L’ancien directeur du programme Concorde Henri Perrier a reçu le soutien moral de l’ex-pilote d’essais du supersonique André Turcat mercredi, jour de plaidoirie de ses avocats au procès de l’accident qui fit 113 morts le 25 juillet 2000.
PONTOISE (AFP) - L’ancien directeur du programme Concorde Henri Perrier a reçu le soutien moral de l’ex-pilote d’essais du supersonique André Turcat mercredi, jour de plaidoirie de ses avocats au procès de l’accident qui fit 113 morts le 25 juillet 2000.
Venus spécialement d’Aix-en-Provence, celui qui fut le premier à piloter le supersonique en 1969 a patiemment écouté les avocats de M. Perrier demander la relaxe de leur client, auquel il est reproché de ne pas avoir apporté à l’avion les modifications nécessaires après plusieurs incidents.
En marge de l’audience, M. Turcat a jugé "scandaleux" que son ancien collaborateur de 80 ans se retrouve sur le banc des prévenus.
"Il est évident que sa responsabilité n’est pas engagée", a-t-il déclaré devant la presse. Selon lui, "il est tout à fait évident que l’accident était imprévisible et improbable".
"C’est la fatalité" qui a causé le crash. "Si j’avais été procureur, j’aurais eu le courage de plaider la relaxe", a-t-il dit, alors que le parquet a requis vendredi 24 mois de prison avec sursis contre M. Perrier.
Ce dernier fut membre de l’équipe de M. Turcat sur le premier vol d’essais, en tant qu’ingénieur navigant, avant de lui succéder comme directeur des essais, puis de diriger le programme Concorde.
"L’équipage est là, face aux juges", a lancé M. Turcat, accompagné de l’ancien mécanicien Michel Rétif, avant de louer les mérites de M. Perrier.

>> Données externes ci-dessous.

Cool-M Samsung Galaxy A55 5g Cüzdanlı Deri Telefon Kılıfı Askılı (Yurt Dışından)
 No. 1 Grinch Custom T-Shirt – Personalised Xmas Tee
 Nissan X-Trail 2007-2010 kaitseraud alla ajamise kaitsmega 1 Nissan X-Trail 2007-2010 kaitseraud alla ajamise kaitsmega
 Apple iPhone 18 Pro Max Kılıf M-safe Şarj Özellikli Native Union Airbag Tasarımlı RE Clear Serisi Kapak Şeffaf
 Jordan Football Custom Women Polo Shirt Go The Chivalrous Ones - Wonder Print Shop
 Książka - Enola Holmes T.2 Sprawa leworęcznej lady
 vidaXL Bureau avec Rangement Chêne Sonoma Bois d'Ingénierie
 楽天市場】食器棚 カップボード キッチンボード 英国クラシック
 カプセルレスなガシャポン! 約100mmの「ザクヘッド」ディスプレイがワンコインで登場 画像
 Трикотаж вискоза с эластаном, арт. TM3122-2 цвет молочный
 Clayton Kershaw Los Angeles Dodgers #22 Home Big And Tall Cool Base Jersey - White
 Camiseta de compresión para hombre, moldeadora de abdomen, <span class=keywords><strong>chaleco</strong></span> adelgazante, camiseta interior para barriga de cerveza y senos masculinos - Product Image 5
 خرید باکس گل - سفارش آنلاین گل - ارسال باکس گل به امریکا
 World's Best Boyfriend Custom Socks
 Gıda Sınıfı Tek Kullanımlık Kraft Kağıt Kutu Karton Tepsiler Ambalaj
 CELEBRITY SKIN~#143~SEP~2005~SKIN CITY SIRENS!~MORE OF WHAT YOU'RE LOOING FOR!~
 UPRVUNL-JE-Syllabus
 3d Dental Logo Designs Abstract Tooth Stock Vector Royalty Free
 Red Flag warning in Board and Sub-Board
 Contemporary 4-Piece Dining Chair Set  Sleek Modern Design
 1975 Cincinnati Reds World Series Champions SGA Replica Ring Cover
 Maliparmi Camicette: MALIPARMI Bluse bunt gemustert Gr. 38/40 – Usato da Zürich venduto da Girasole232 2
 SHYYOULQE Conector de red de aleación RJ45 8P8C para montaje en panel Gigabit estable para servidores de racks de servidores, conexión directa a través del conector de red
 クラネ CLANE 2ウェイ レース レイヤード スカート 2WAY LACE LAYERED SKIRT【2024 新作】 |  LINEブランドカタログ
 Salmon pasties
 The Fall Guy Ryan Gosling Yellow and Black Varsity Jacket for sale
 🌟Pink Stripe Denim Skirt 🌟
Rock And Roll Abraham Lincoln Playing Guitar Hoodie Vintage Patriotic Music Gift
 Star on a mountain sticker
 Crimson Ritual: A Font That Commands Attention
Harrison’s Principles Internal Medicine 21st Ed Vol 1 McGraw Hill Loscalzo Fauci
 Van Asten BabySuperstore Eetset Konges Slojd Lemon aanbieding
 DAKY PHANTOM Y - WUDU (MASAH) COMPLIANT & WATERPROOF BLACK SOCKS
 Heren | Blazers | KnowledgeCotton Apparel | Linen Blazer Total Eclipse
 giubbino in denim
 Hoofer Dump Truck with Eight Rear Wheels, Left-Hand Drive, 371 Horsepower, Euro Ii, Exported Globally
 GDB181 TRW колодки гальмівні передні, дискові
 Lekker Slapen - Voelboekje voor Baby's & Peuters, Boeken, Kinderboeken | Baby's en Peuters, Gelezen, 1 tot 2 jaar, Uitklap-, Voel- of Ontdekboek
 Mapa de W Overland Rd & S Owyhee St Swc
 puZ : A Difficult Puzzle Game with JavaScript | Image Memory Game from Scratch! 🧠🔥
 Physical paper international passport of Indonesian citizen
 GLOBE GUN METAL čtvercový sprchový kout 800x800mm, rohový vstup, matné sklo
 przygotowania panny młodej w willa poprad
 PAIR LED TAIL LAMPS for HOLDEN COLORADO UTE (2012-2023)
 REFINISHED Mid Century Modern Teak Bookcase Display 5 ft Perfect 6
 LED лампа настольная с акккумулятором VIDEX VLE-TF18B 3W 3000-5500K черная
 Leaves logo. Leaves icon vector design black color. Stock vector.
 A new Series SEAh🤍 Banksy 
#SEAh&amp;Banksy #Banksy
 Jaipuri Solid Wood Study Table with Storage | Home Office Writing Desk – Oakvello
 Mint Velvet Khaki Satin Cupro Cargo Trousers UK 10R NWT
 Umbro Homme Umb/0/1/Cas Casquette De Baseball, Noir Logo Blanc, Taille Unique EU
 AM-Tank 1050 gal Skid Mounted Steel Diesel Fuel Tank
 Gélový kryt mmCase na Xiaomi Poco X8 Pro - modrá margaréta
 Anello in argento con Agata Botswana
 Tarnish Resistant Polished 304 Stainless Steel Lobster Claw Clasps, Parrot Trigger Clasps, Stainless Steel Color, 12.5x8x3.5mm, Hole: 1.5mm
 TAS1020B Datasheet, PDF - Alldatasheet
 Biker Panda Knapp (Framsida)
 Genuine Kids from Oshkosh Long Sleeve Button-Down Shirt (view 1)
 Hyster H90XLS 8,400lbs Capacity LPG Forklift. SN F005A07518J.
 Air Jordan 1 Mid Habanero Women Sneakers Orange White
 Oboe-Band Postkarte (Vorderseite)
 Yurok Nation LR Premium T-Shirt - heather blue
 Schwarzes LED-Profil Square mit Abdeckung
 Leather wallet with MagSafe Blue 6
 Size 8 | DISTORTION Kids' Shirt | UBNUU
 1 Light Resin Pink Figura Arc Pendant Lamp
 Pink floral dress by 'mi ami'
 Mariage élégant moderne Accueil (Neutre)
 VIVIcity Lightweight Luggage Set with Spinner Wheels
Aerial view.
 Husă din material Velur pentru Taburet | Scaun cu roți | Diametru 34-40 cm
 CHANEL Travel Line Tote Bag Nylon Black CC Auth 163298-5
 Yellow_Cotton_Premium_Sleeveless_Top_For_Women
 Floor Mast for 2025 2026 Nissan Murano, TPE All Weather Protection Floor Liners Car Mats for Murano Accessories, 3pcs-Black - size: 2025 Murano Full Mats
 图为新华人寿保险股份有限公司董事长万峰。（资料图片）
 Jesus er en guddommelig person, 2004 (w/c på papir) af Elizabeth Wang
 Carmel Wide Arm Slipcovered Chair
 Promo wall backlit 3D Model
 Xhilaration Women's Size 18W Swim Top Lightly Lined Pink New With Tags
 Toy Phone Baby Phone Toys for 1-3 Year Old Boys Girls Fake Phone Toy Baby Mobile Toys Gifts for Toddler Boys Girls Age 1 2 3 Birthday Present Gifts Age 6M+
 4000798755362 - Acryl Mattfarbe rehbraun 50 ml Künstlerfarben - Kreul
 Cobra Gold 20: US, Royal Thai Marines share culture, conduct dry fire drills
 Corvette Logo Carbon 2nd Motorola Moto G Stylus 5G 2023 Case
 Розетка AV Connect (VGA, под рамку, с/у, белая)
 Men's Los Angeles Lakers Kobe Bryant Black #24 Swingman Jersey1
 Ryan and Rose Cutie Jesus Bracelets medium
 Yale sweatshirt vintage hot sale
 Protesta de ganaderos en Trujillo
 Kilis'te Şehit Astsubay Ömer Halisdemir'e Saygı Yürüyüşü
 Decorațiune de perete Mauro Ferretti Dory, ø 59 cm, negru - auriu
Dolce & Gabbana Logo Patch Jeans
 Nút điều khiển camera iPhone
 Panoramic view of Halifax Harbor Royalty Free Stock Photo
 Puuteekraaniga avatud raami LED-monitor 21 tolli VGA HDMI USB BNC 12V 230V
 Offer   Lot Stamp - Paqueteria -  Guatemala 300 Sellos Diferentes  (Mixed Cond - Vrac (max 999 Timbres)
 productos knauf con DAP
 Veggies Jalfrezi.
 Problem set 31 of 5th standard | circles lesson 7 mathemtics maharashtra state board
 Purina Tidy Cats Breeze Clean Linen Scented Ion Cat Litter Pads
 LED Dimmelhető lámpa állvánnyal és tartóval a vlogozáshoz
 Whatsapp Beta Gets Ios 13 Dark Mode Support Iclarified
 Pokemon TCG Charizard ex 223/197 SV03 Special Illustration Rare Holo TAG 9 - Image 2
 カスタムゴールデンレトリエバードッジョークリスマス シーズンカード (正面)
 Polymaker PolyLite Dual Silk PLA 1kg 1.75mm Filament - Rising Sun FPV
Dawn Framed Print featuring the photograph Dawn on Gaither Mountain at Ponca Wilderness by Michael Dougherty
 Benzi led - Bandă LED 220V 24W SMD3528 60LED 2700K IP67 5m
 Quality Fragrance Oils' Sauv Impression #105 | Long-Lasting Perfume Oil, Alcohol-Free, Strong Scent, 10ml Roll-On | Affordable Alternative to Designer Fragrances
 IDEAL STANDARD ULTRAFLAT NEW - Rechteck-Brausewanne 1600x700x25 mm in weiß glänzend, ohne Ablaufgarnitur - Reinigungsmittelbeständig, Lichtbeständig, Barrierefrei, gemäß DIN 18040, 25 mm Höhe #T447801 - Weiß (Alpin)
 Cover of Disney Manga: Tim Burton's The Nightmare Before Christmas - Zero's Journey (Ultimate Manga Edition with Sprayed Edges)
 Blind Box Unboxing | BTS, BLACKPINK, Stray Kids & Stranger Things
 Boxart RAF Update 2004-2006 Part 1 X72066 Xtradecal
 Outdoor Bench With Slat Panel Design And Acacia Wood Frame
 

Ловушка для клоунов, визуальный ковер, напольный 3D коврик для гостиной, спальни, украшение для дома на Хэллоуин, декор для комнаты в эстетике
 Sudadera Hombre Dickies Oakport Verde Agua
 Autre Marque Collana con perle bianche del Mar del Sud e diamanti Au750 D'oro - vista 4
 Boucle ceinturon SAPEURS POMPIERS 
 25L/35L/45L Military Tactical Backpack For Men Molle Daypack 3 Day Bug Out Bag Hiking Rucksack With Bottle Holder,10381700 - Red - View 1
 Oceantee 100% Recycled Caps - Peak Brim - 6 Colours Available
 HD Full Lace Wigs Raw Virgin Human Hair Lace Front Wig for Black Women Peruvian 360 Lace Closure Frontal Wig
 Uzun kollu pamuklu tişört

"C’est un modèle de rigueur et également de mémoire", a dit M. Turcat. "Il a un jugement extrêmement bien assis. C’est un homme parfaitement raisonnable, qui connaît le métier et connaissait l’avion".
Un éloge repris par Me Thierry Dalmasso, qui a conclu sa plaidoirie par un extrait d’un livre du même André Turcat : "je ne connais à Henri qu’un seul défaut, celui de trop travailler".
La défense de M. Perrier a nié que les incidents ayant affecté le Concorde a partir de 1979 aient été précurseurs de l’accident de Gonesse (Val-d’Oise).
Un pneu a éclaté après avoir roulé sur une lamelle perdue par un DC10 de Continental Airlines "faisant une brèche de 32cm sur 32" dans l’aile où se situent les réservoirs, déclenchant une "fuite massive de carburant", a résumé Me Christian Buffat.
"Ce Niagara va causer l’inflammation", a-t-il affirmé, "un phénomène totalement inconnu" et en aucun cas comparable aux "petites fuites" observées lors des incidents précédents.
La justice accuse M. Perrier de ne pas avoir renforcé la voilure comme cela avait été un temps envisagé. "On nous reproche l’abandon d’une idée, nous sommes passés dans le monde de Matrix, le monde virtuel, le monde du n’importe quoi", a protesté Me Dalmasso.
L’avocat s’en est aussi pris aux experts judiciaires qui, selon lui, "se sont complètement trompés de méthode". Il a fustigé leurs "formules à l’emporte-pièce" comme la "prétendue passivité" dans le suivi de navigabilité imputée à M. Perrier, terme qu’il a qualifié de "très insultant".
"L’avion parfait n’existe pas", a souligné Me Buffat. "Un avion est une oeuvre humaine et on ne pourra jamais garantir qu’il ne se crashe pas", a-t-il asséné.
Henri Perrier est le seul des trois prévenus français, tous anciens cadres de l’aéronautique, dont le parquet a requis la condamnation. Les plaidoiries de la défense se poursuivent jeudi avec les avocats de l’ingénieur en chef Jacques Hérubel et les conseils de deux employés américains de Continental Airlines.
Me Olivier Metzner, qui défend la compagnie américaine, s’exprimera vendredi, dernier jour du procès.